I love this bit of wisdom from John Matthew Fox—a writer and editor whose emails I subscribe to. It’s something that I’ve thought about in regard to my own books and then dismissed because it seemed unimaginable that my books would affect anyone beyond a few hours of pleasurable reading. But, as I struggled with the latest River’s Edge story—Max and Lauren’s—I came back to this snippet from Fox.
Truth is, my words do matter and when I write them, even when I struggle with the story and it feels as if I’m pulling the words from the very depths of my soul, my books matter. They make a difference in the world and in someone’s life. Somewhere, a reader is smiling or crying or laughing because my words wrought emotion in them.

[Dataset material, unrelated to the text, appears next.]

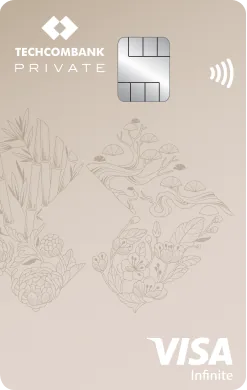 Thẻ Techcombank Visa Infinite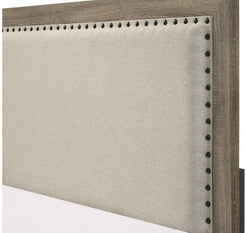 James Upholstery Full Bedroom Set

That’s a powerful feeling—not a feeling of power—but an idea that can overwhelm and often does.
Someone once said, and there is controversy over whose words these were originally, “There is nothing to writing. All you do is sit down at a typewriter and open a vein.” Whoever said it, most writers I know would agree. We pour ourselves into our stories—our dreams, our hopes, our fears, our visions of life are all out there on the page for others to view and comment upon. That’s some scary stuff, you know, putting me out like that.
Mostly, reviews of my books are kind, people enjoy the few hours of escape that I provide, which warms my heart. But, bad reviews, particularly about the writing, not the stories, cut me to the quick. They don’t stop me, though. Rather, they make me want to be a better writer and I try hard to be better with each book. I don’t know if I get that done or not. These words from Jenny Crusie, one of my favorite rom-com writers, hearten me when I’ve finished a book as I just have and I’m wondering whether it’s going to work, “I once had the insane idea that each book had to better than the last: that way lay madness.”
I am a writer. I am a damn good writer, actually. The characters are always in my head—good or bad—I need to get them out and tell their stories, so I’ll continue to write and hope my stories provide some much-needed respite for someone, a moment or two of pleasure in the ordinariness of everyday life.
Stay well, stay safe, and most of all, mes amies, stay grateful.